| Requirement |
Without the pictures, print the lines from the one holding "A bunch of cherry belle radishes" through the last line below, both included, exactly as they stand.

| Records for this exercise |

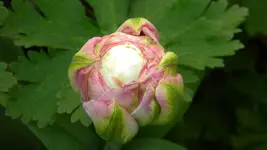 Kopie von DSCN2544.webp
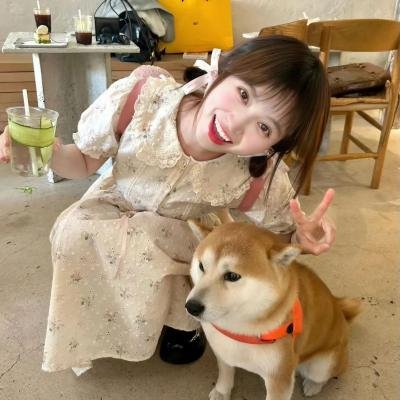 疯狂雷斯利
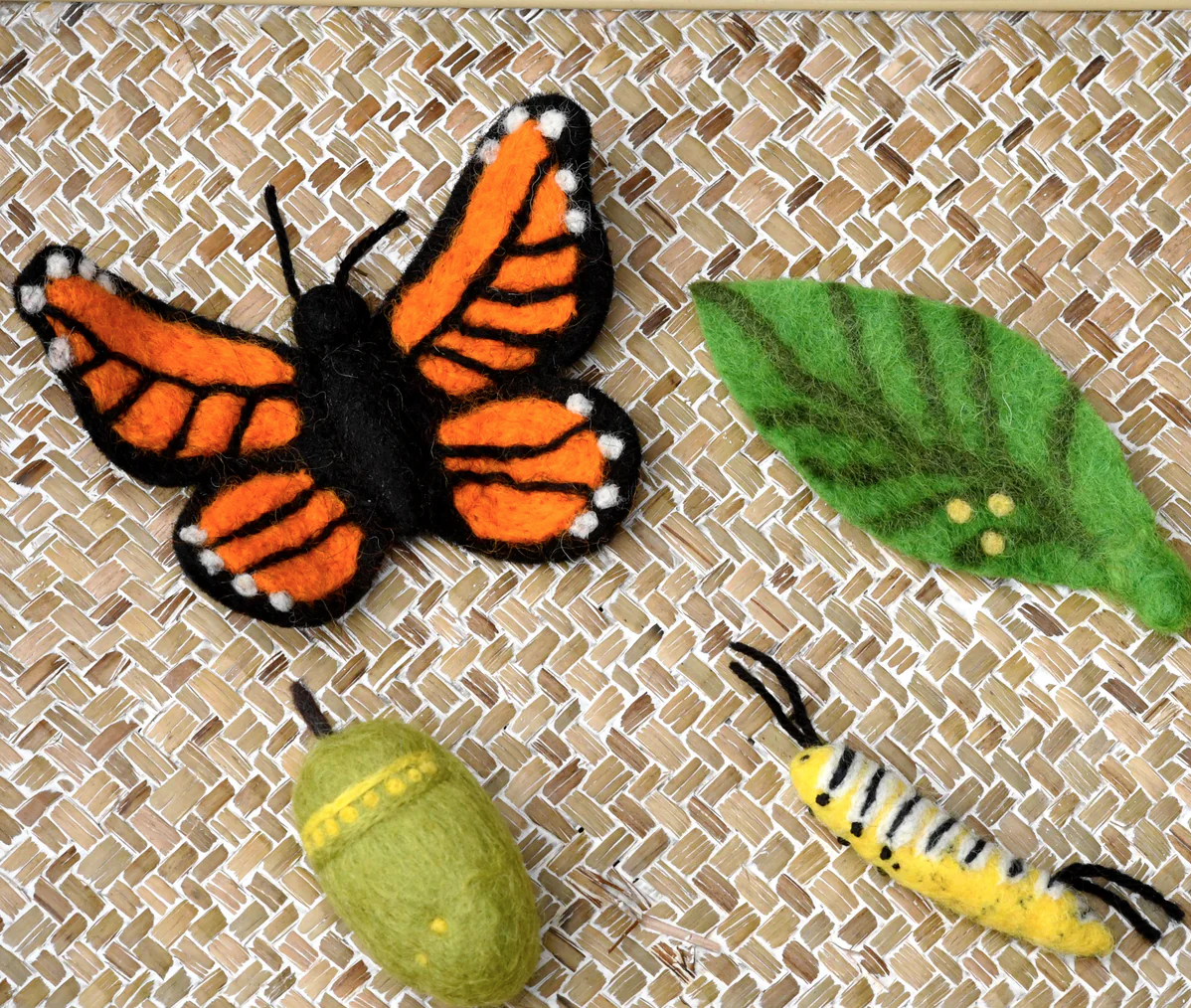 Felt Lifecycle of Monarch Butterfly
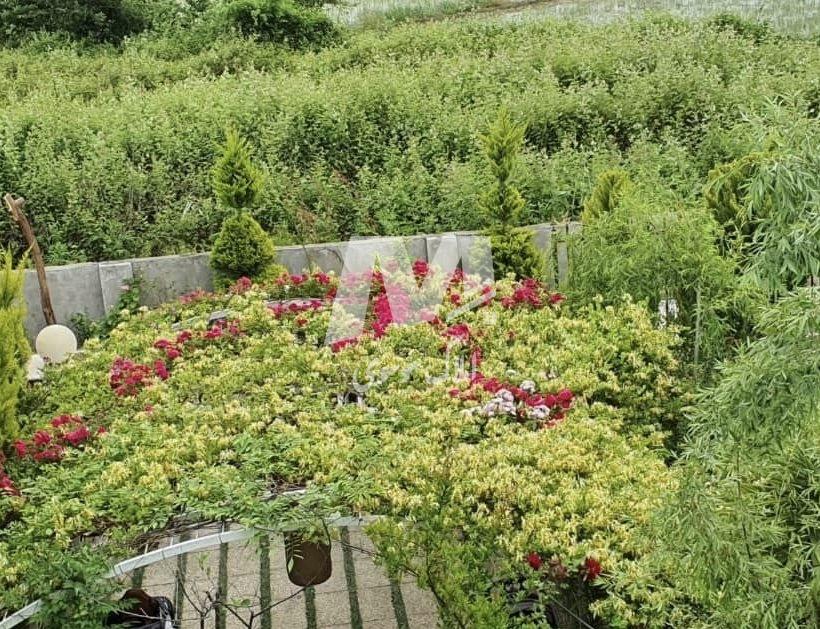 فروش ویلا ۶۵۰ متری سند دار لوکس و شهرک برند رویان | ۶۵۰ متر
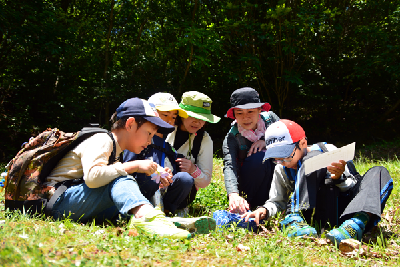 写真：「名づけ親の旅」草花にオリジナルの名前をつけるため、特徴を観察している参加者ら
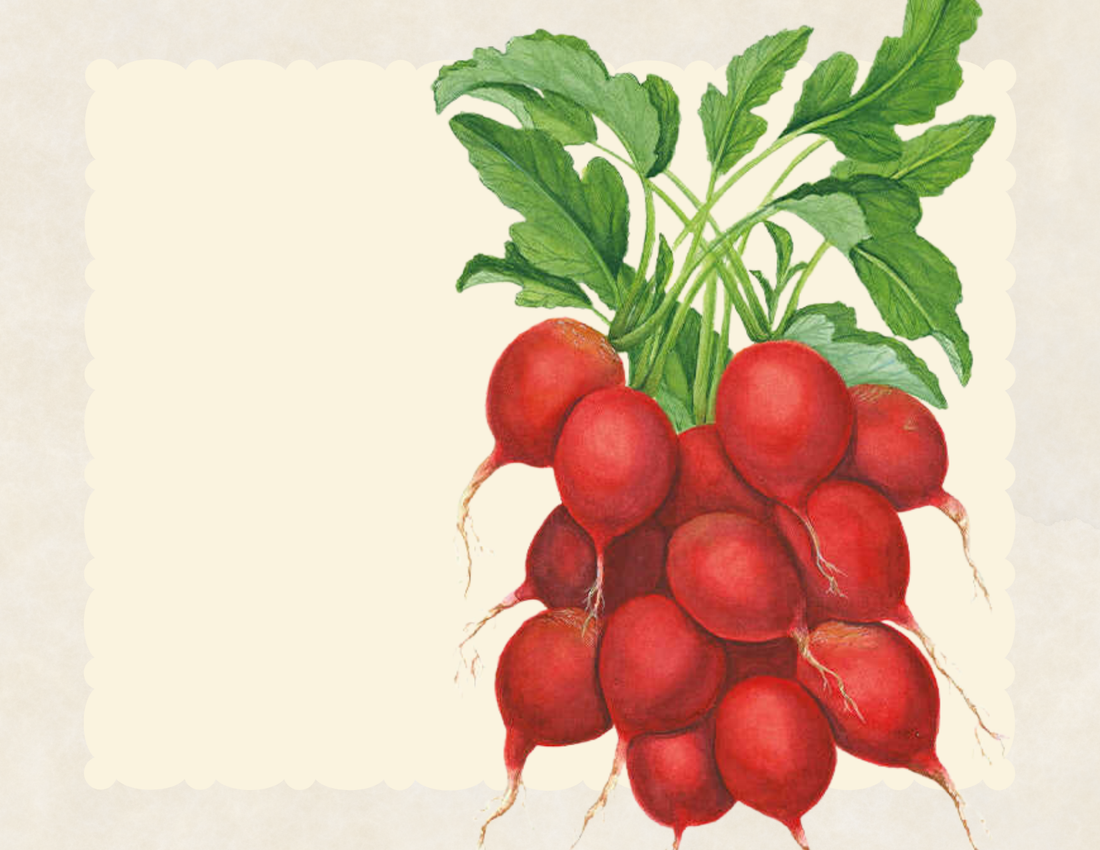 A bunch of cherry belle radishes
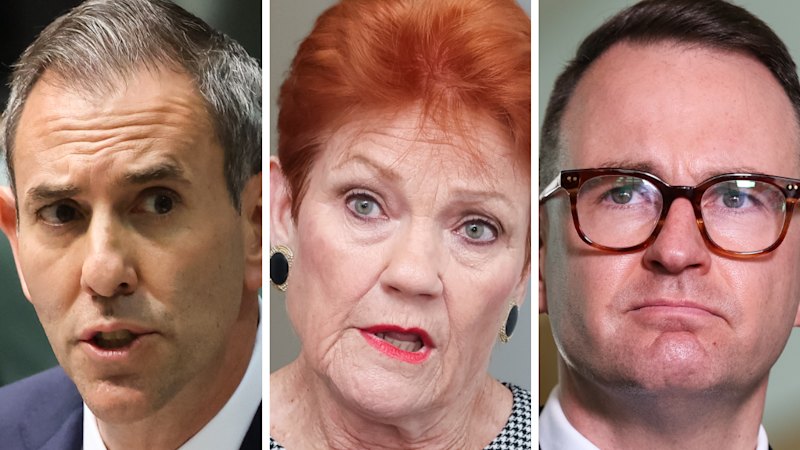 Election will be ‘referendum’ on super, Chalmers says in Hanson stoush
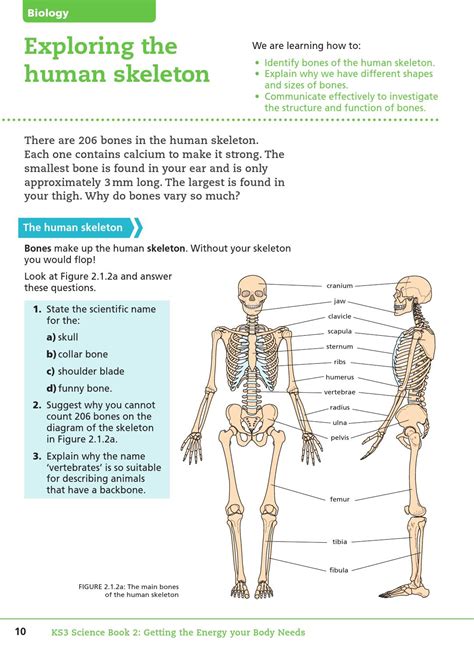 When the water is too hot, you quickly lift up your leg. Key Stage Three Science: Student Book 2 by Collins - Issuu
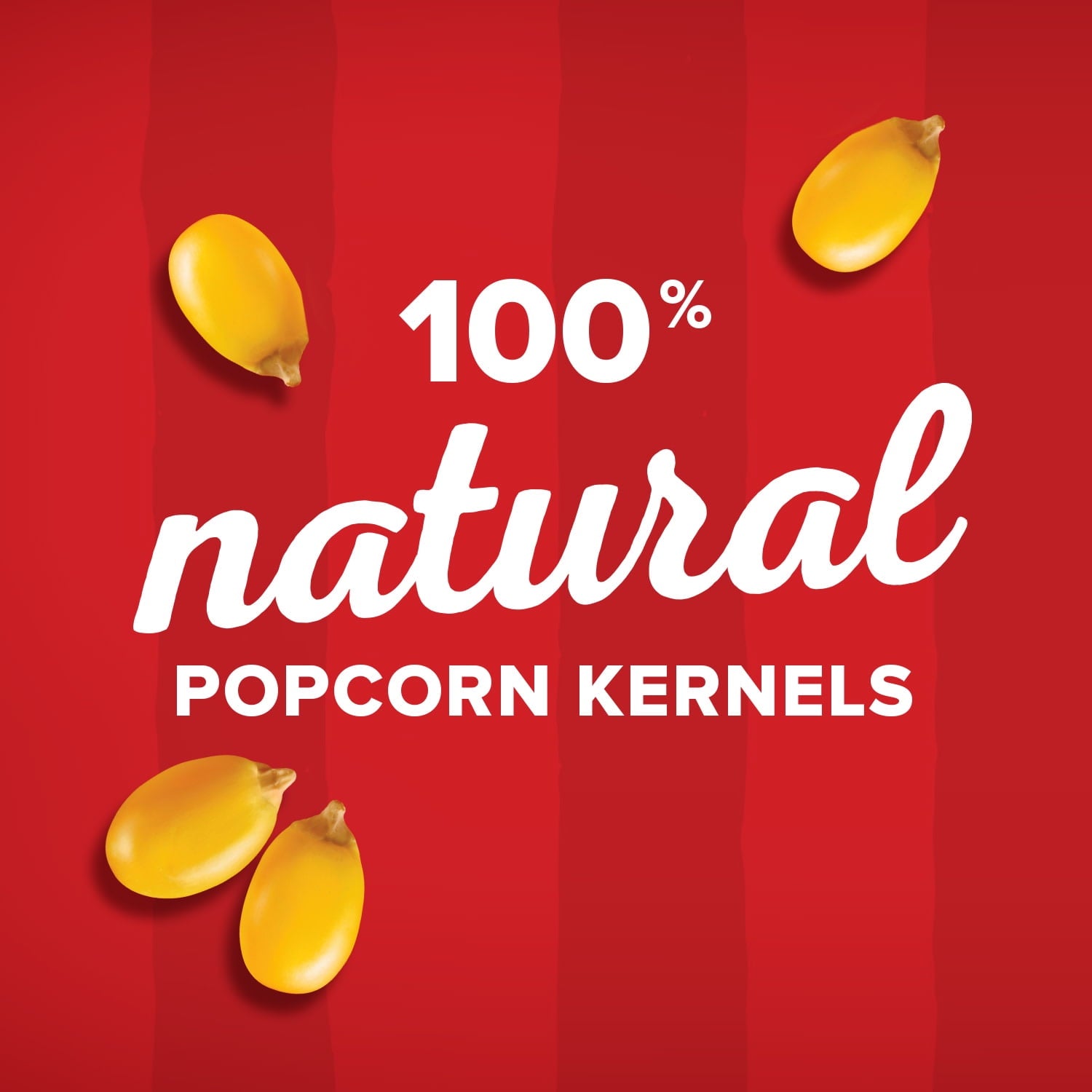 Orville Redenbacher's Popcorn Kernels, Yellow Corn, 45 oz. — grocery product, view 2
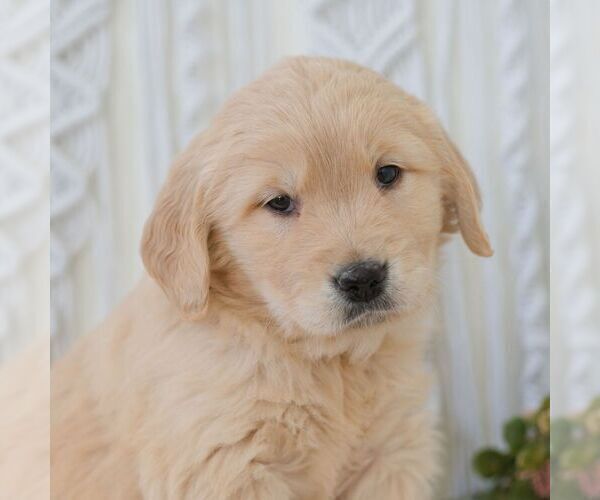 Medium Photo #1 Golden Retriever Puppy For Sale in NEWPORT, PA, USA
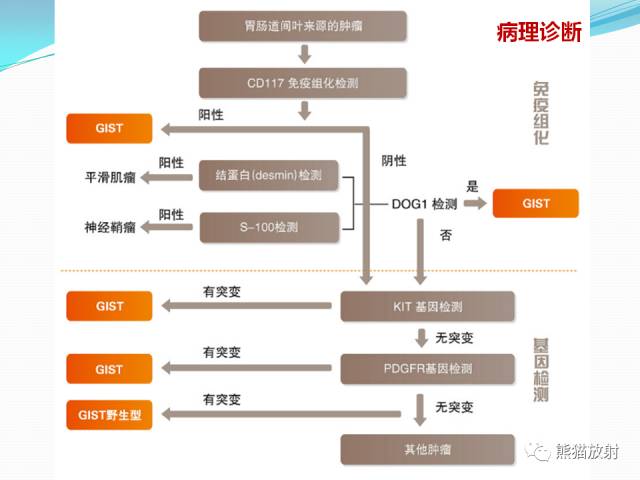 【病例】胃肠道间质瘤GIST一例CT影像诊断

| Output of the task |
 A bunch of cherry belle radishes
 Election will be ‘referendum’ on super, Chalmers says in Hanson stoush
 When the water is too hot, you quickly lift up your leg. Key Stage Three Science: Student Book 2 by Collins - Issuu
 Orville Redenbacher's Popcorn Kernels, Yellow Corn, 45 oz. — grocery product, view 2
 Medium Photo #1 Golden Retriever Puppy For Sale in NEWPORT, PA, USA
 【病例】胃肠道间质瘤GIST一例CT影像诊断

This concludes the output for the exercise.